P values are expressed as negative logarithm of the p values obtained in linear regression analysis with age and sex as a covariates. The y axis shows the −log10 p values of 262 SNPs, and the x axis shows their rs numbers. Horizontal blue, green and red lines represent the thresholds of p = 0.05 for significance without multiple correction, p = 8.2E-04 for LD block significance and p = 1.9E -04 for Bonferroni correction, respectively.

https://doi.org/10.1371/journal.pone.0180295.g005

Discussion

In our study, we tested the genetic variation of 2 Mb region of chromosome 16, encompassing region of FTO, RPGRIP1L, AKTIP, RBL2, IRX3, IRX5 and, IRX6 genes. It was the first study with representation of individuals from each geographical region of Poland (N = 5418) focusing on this topic. Case—control association analysis was performed for 262 SNPs located in the tested region. Obtained results revealed that FTO SNPs rs1558902, rs1421085, rs12149832, rs9930506, rs9939609 had the strongest influence on obesity phenotype in our study group which is consistent with other studies [810, 27, 4350]. These SNPs were in almost perfect LD (|D’|>0.98) with other 19 SNPs in block 8 located in non-coding sequence of intron 1. The haplotype analysis exhibited that the strongest obesity associated haplotype (χ2 = 11.474, p = 0.0007) which contained the minor alleles for SNPs distributed across a 45-kb stretch of intron 1 of FTO, was in block 8 and occurred at a frequency of 0.46 in the case group and 0.41 in controls. This region identified in our cohort was previously described by Hotta et al. as the 45 kb obesity associated region of high LD encompassing introns 1 and 2 of the FTO [48].

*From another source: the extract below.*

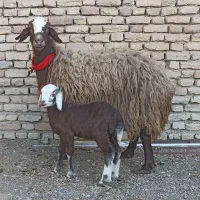 میش افشاری زاییده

The most important discovery in our analysis was gender dependent manner of this association. SNPs in block 8 were statistically significant only in male group when we analyzed normal group versus overweight group. We did not observe this association in females. This unexpected finding was not observed so far in any previous studies. Thus, we concluded that overweight might be regulated by different genetic manner dependent on sex and in females is probably controlled by other region(s) in genome.

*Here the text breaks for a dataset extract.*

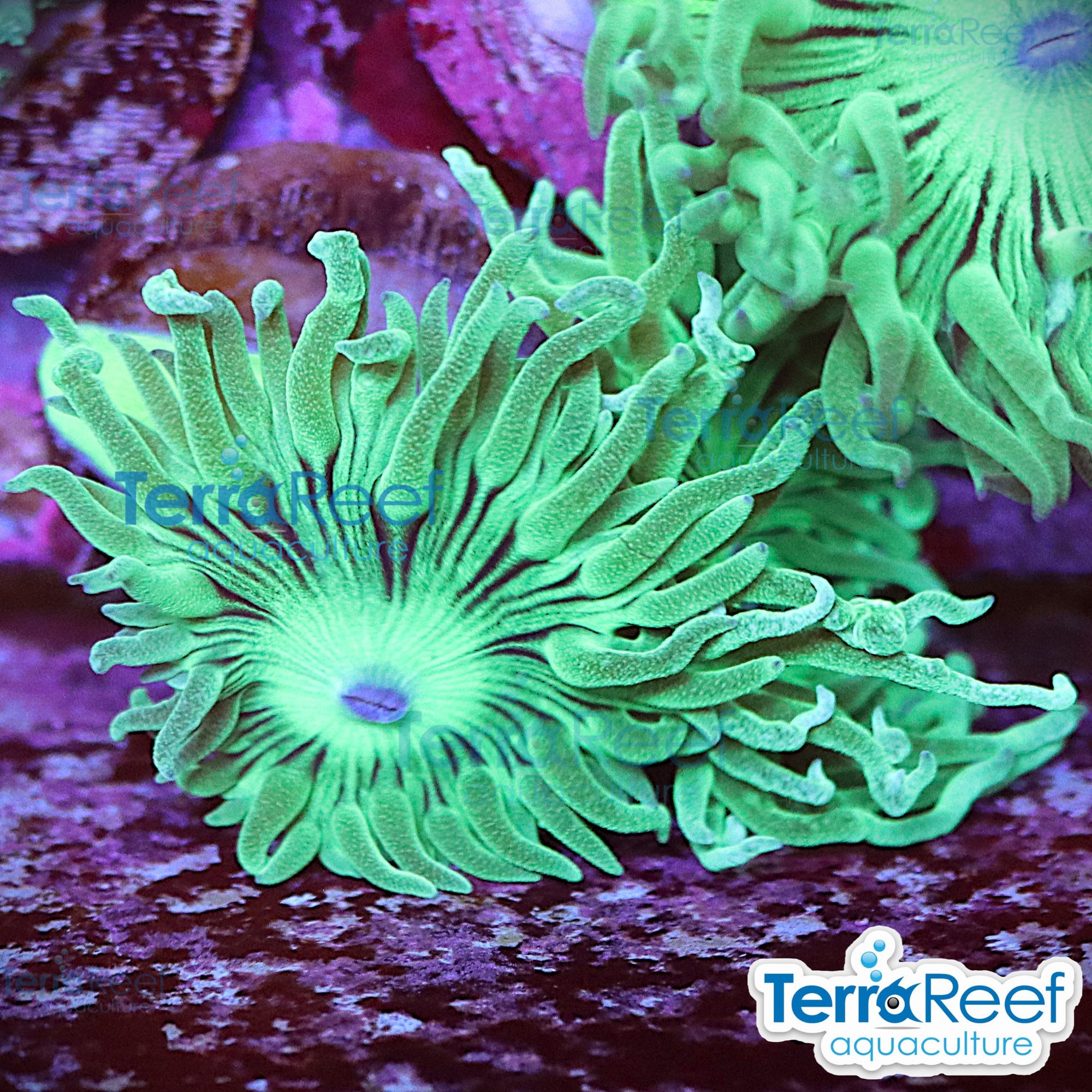 Duncan Coral Duncanopsammia QTed aquacultured WYSIWYG coral frag for reef aquarium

What is worth emphasizing, we have also noticed that SNPs included to block 8 were associated with obesity in normal versus obese group in females when assuming dominant inheritance model and in males when assuming recessive inheritance model. This genetic model-dependent sexual dimorphism for obesity susceptibility was also found in Mexicans but in different manner [51]. FTO SNPs were associated with obesity in recessive model and dominant model for females and males, respectively. Previous studies which concerned about different populations, reported that increased BMI heritability has sex-based differences and obesity trait is mediated through FTO and occurs independently in both sexes [5153]. Meta-analysis of GWA studies of waist-hip ratio revealed evidence of gene-by-sex interactions involvement in body fat distribution [54]. Our study clearly demonstrates the importance of sex-stratification when analyzing complex traits. Sex can be perceived as risk factor which incorporates behavioral, physiological, and anatomical differences [55].

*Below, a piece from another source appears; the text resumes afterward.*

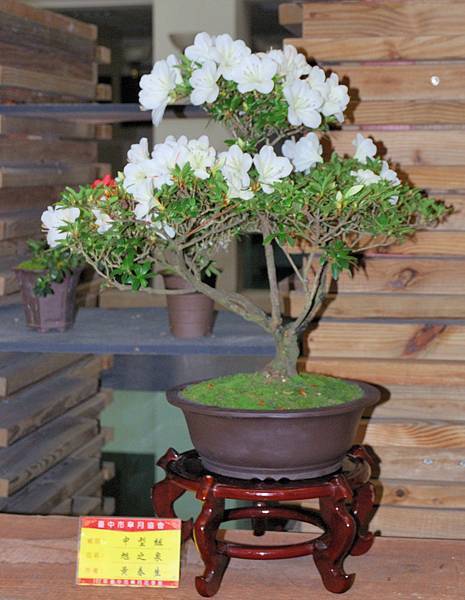 DSC_8354.jpg DSC_8354.jpg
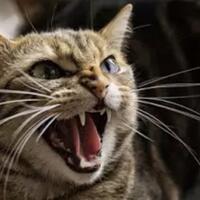 agan-sista-punya-kucing-yang-galak-bisa-jadi-karena-meniru-kebiasaan-kita-lho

As the genetic association to obesity at the FTO locus was reported to be age dependent [4042], we also examined the role of age in our age-diverse group (range from 20 to 77). Linear regression using BMI as a continuous trait and age and sex as a covariates revealed differential intronic FTO SNP contributions and disclosed that both age and sex had strong influence on BMI in our cohort (p = 3.06 × 10−145 and p = 9.05 × 10−34, respectively). We observed stronger association of intronic FTO region with BMI also when taking into account age class stratification in allelic association analysis.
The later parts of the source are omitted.